Many want to offer some sort of comfort, but most struggle finding the "right" words.

Below you will find some suggestions about typical things that many people say that are not helpful as well as a list of the most meaningful and comforting approaches.

What NOT to say:

  1. "I understand how you feel". Even if you have also had a loved one die, you cannot know the experience this person had or the way they are experiencing their loss.

  2. "Time Will Heal". Although this may indeed be true, the grief can be strong in the moment and that is all they can really understand. They need the space to feel the loss.

  3. "At least they're in a better place and their suffering is over". This minimizes the grief and the undercurrent says "stop feeling sad".

  4. "At least they lived a long life". Again, although these words may be true, the loss someone feels is real and we don't want to minimize their pain by rationalizing why they shouldn't be grieving.

  5. "You have to be strong". Why do they need to be strong? This is a paradigm that really says "sad feelings are bad". People need time to grieve fully in order for them to heal.

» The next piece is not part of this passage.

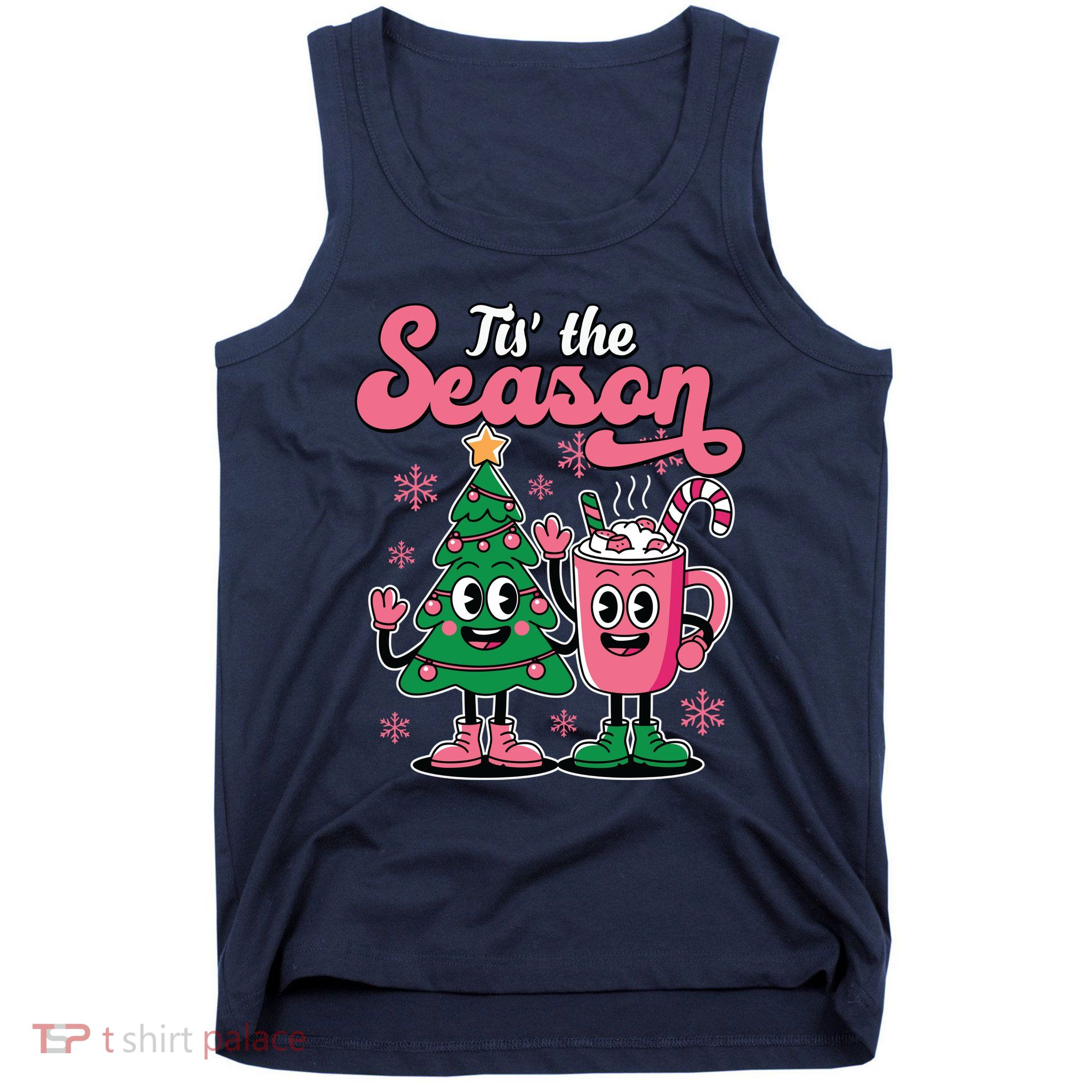 Tis The Season Christmas Tree Hot Coco Festive Retro Tank Top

  6. "There is a reason for everything". Again this minimizes the deep loss someone is feeling.

  7. "How are you doing"... it's best to assume they are not doing well and for someone who is grieving this is a difficult question.

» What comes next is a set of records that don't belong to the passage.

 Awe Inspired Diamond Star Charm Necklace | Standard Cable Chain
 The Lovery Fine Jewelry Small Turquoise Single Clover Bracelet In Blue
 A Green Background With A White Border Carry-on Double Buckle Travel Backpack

What TO say to offer support to someone grieving:

  1. I am so sorry for your loss.

  2. I wish I had the right words, but know I'm here to support you.

  3. I don't know how you feel but I'm here to help in any way I can.

  4. You are your loved one will be in my thoughts and prayers.

  5. My favorite memory of your loved one is...

  6. I am always just a phone call or night.

  7. Just offer a deep heartfelt hug. Words are often inadequate at times like these, but physical presence and connection speak volumes.

Although it can feel overwhelming and even frightening to approach someone who has just experienced such a great loss, having a sense of comforting words can empower us to offer our love and support. Remember, even just a loving presence can communicate all the important things that words just don't cover.